BRIEF >> Of all the lines in the entries below, give again exactly those starting at the line containing "RAL UR Red Flap/Wht Logo" and ending at the line containing "CNC - Bearbeitungszentrum", both ends included, and no others.

RECORDS >>
********************

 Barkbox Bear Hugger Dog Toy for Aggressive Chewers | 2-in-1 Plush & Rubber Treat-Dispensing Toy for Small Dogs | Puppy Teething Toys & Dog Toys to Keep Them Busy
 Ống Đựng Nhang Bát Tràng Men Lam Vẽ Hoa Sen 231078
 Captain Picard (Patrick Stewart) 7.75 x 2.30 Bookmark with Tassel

********************

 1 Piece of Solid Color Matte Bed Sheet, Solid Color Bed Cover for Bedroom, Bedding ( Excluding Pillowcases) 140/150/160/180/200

********************

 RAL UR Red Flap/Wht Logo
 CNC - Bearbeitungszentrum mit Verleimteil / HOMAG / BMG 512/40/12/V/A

********************

SOLVED PROBLEM >>
 RAL UR Red Flap/Wht Logo
 CNC - Bearbeitungszentrum mit Verleimteil / HOMAG / BMG 512/40/12/V/A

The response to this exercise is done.